(ABOUT THIS EXERCISE): Give every line of the records exactly, please, from the first up to and including the one containing "SLIDESHOW: Dia de los Muertos".

[DATA TO USE]

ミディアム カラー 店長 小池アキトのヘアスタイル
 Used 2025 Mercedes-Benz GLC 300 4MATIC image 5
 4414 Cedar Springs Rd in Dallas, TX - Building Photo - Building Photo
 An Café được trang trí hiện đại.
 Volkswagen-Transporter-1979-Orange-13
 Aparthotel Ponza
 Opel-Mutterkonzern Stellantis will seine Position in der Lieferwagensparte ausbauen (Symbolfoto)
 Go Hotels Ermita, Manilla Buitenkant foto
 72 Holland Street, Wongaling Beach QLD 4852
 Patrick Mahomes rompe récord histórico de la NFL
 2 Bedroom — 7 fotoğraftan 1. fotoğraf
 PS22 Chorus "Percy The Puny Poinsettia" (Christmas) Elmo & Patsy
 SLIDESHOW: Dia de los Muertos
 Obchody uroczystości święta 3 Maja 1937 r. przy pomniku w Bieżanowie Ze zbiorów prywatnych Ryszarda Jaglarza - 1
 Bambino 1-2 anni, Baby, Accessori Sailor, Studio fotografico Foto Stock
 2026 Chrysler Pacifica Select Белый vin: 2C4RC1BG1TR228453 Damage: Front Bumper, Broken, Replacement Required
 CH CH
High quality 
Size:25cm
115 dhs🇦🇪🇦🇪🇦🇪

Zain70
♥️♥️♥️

[/DATA TO USE]

(OUTPUT FOR THIS EXERCISE):
ミディアム カラー 店長 小池アキトのヘアスタイル
 Used 2025 Mercedes-Benz GLC 300 4MATIC image 5
 4414 Cedar Springs Rd in Dallas, TX - Building Photo - Building Photo
 An Café được trang trí hiện đại.
 Volkswagen-Transporter-1979-Orange-13
 Aparthotel Ponza
 Opel-Mutterkonzern Stellantis will seine Position in der Lieferwagensparte ausbauen (Symbolfoto)
 Go Hotels Ermita, Manilla Buitenkant foto
 72 Holland Street, Wongaling Beach QLD 4852
 Patrick Mahomes rompe récord histórico de la NFL
 2 Bedroom — 7 fotoğraftan 1. fotoğraf
 PS22 Chorus "Percy The Puny Poinsettia" (Christmas) Elmo & Patsy
 SLIDESHOW: Dia de los Muertos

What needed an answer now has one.